Being in the consulting industry, I can imagine you’re always looking to capitalize on supporting technologies that are gaining popularity in the mainstream. What do you foresee for the future of Apache Cassandra and other NoSQL solutions?

Aashu: What NoSQL and other Big data technologies have done is they opened the flood gates to processing data at a scale that had been not possible earlier. The industry is getting to a stage where we are seeing more companies moving from evaluating to really pushing major implementations in Production. We believe it will continue even at a faster pace. The NoSQL solutions provide what could not be done using conventional means. We understand better from past few years what works well with NoSQL and what does not. The major NoSQL vendors have been coming up with the advances which make them integrate better with the other major enterprise components that are part of the architecture like search.

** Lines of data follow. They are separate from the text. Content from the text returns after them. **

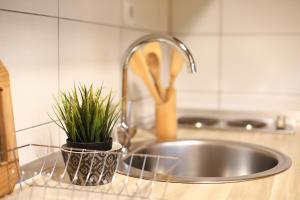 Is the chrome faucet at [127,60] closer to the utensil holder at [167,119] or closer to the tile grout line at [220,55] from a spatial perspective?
the utensil holder at [167,119]

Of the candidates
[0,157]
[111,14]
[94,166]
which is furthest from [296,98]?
[0,157]

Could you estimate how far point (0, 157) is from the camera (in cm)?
81

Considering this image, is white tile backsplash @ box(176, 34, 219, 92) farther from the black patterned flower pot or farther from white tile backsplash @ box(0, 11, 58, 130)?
the black patterned flower pot

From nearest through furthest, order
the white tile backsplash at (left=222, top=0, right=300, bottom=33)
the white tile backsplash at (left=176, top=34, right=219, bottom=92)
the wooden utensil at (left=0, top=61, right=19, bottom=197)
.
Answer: the wooden utensil at (left=0, top=61, right=19, bottom=197), the white tile backsplash at (left=222, top=0, right=300, bottom=33), the white tile backsplash at (left=176, top=34, right=219, bottom=92)

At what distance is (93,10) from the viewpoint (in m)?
1.23

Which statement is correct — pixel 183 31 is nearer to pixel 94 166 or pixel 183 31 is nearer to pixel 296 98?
pixel 296 98

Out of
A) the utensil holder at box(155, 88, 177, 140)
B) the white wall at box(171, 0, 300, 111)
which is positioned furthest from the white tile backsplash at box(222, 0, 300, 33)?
the utensil holder at box(155, 88, 177, 140)

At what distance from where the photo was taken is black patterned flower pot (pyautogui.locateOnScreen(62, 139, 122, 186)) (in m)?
0.86

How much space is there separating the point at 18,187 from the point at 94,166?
0.16 m

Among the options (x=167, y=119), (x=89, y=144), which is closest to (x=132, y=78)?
(x=167, y=119)

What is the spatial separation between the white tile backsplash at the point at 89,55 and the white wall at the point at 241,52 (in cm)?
50

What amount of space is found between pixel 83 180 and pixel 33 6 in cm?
39

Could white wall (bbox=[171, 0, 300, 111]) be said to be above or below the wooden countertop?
above

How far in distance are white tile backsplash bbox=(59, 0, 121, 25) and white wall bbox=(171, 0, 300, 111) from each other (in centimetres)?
51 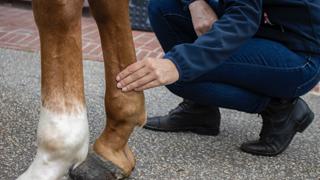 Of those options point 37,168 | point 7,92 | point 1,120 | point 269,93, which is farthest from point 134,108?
point 7,92

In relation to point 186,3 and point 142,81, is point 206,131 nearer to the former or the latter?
point 186,3

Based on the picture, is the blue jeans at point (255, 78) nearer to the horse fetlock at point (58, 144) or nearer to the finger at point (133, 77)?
the finger at point (133, 77)

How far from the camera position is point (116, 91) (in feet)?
5.07

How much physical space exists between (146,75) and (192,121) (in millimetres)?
744

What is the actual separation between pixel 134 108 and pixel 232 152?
2.01 feet

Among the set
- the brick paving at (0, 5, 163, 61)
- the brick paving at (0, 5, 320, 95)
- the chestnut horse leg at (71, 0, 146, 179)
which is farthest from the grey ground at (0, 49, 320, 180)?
the brick paving at (0, 5, 163, 61)

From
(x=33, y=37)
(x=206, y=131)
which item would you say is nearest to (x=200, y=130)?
(x=206, y=131)

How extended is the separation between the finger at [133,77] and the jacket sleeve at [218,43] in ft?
0.36

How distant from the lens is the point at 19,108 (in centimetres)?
233

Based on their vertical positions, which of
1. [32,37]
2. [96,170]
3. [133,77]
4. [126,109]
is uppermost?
[133,77]

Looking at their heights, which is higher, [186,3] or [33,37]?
[186,3]

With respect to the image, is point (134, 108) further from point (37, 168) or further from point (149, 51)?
point (149, 51)

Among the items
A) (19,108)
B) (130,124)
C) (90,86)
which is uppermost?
(130,124)

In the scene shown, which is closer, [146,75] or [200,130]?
[146,75] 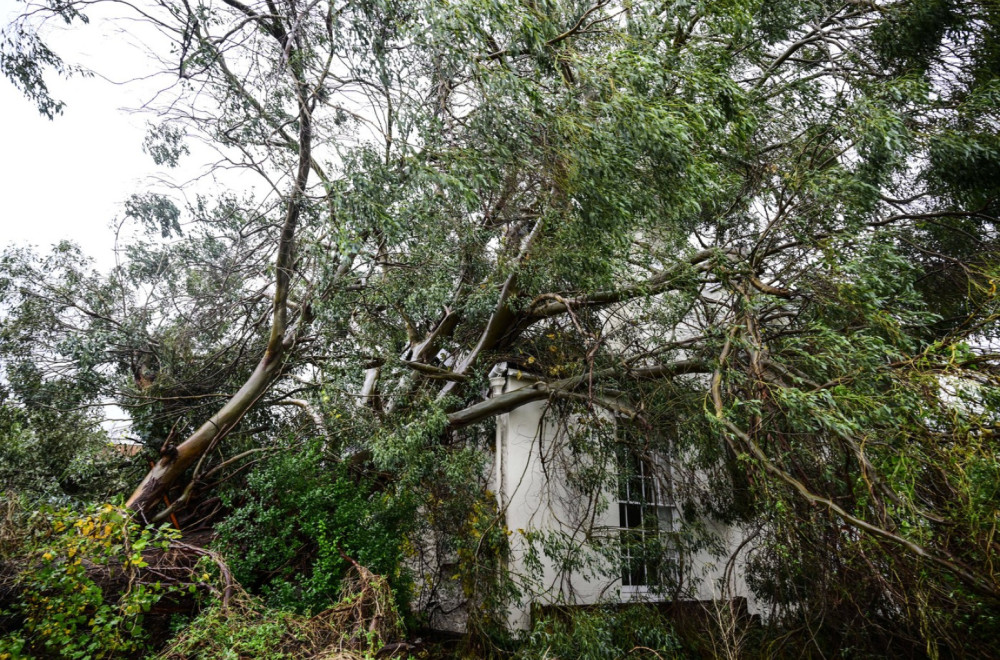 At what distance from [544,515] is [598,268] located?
3.72 m

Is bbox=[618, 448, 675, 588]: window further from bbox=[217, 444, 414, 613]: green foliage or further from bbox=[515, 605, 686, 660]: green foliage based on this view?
bbox=[217, 444, 414, 613]: green foliage

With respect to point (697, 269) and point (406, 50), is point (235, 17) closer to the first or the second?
point (406, 50)

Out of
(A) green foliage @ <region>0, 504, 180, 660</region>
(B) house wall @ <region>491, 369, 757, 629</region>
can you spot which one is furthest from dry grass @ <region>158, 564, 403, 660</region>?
(B) house wall @ <region>491, 369, 757, 629</region>

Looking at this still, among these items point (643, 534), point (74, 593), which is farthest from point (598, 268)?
point (74, 593)

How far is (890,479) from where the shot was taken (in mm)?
4316

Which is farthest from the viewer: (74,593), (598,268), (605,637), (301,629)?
(598,268)

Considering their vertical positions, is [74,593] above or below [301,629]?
above

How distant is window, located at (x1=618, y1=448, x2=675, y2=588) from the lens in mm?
7301

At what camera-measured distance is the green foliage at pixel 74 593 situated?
454 centimetres

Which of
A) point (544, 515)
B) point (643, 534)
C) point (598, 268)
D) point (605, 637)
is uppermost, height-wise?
point (598, 268)

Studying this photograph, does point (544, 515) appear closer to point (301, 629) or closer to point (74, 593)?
point (301, 629)

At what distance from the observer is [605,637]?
6.10 m

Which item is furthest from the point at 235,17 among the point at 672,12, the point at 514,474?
the point at 514,474

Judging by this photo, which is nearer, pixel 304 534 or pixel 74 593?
pixel 74 593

People view the adoption of database solutions that have been been around for a while, such as Oracle, to be ‘safe’. What advice would you give someone who is considering the adoption of a NoSQL solution, such as Cassandra, but is worried about the future of these relatively newer solutions?

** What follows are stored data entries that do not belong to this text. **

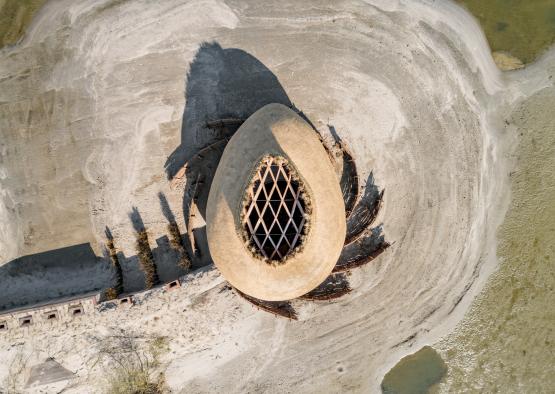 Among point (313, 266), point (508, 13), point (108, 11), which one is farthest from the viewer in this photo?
point (508, 13)

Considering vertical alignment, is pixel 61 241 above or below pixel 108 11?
below

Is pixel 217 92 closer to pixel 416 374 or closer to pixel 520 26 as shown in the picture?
pixel 520 26

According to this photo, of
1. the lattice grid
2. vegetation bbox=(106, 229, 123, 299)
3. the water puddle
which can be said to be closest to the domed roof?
the lattice grid

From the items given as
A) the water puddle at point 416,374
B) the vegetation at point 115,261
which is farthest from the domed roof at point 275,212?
the water puddle at point 416,374

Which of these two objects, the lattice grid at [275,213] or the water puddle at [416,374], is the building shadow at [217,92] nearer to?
the lattice grid at [275,213]

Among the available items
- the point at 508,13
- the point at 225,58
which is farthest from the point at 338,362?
the point at 508,13

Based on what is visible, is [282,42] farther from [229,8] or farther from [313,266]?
[313,266]

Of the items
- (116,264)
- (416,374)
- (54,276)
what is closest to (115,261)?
(116,264) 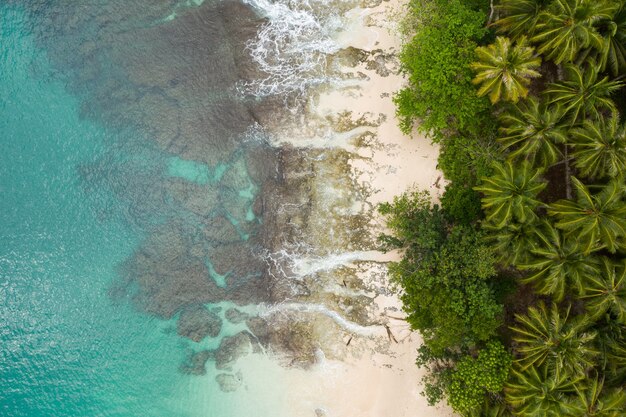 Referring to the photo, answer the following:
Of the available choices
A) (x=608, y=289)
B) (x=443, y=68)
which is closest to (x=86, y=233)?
(x=443, y=68)

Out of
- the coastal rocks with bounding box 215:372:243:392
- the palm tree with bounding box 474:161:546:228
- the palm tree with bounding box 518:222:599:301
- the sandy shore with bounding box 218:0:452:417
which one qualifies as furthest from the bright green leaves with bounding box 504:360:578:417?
the coastal rocks with bounding box 215:372:243:392

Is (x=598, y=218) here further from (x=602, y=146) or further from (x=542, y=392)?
(x=542, y=392)

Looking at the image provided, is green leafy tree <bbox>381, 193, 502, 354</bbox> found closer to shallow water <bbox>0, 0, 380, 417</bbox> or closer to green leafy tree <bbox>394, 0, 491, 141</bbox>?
green leafy tree <bbox>394, 0, 491, 141</bbox>

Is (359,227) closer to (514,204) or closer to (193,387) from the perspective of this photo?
(514,204)

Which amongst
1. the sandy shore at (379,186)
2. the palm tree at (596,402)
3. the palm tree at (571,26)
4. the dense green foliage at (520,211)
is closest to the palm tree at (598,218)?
the dense green foliage at (520,211)

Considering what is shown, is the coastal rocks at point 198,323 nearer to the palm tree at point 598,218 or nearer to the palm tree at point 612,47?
the palm tree at point 598,218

Aashu: I definitley believe they need not worry about the “future”. These solution are here to stay. What is more important is “Are they making the right technology choice”. Each major NoSQL technology has its own strong/weak points and picking the “right” one that fits the requirements should be the major consideration. I always tell my clients that NoSQL is not the silver bullet. It can be a crucial part of their architecture and their focus should be to ensure that the architecture satisfies the solution.


I’ve heard that one of your engineers has written a book on Apache Cassandra; could you tell us a little about this book, where to find it and if there will be updates as newer version of Cassandra are released?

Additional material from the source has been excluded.